____ Provided data
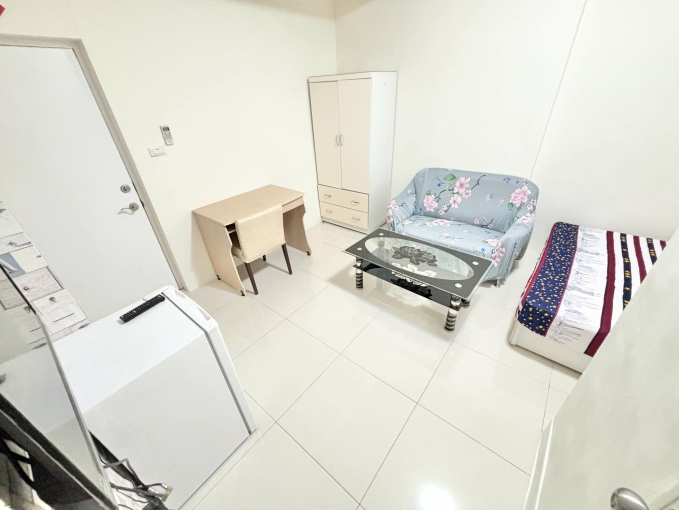 🧡請加賴🧡租屋補助🧡獨洗🧡小資族首選🧡（第5張）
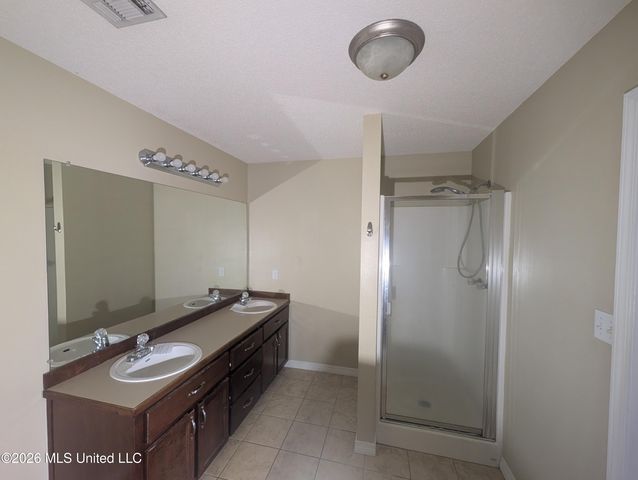 10356 Shady Pine Drive, Vancleave, MS 39565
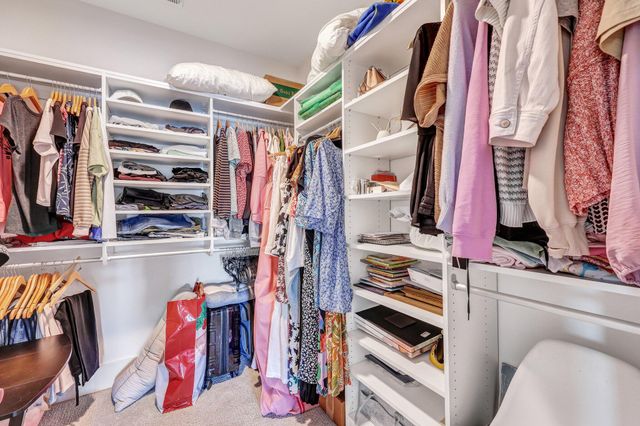 392 Eagle Pass Drive, Murrells Inlet, SC 29576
________
# [Task]
Apart from the pictures, the material above has to be repeated exactly.

# [Response]
 🧡請加賴🧡租屋補助🧡獨洗🧡小資族首選🧡（第5張）
 10356 Shady Pine Drive, Vancleave, MS 39565
 392 Eagle Pass Drive, Murrells Inlet, SC 29576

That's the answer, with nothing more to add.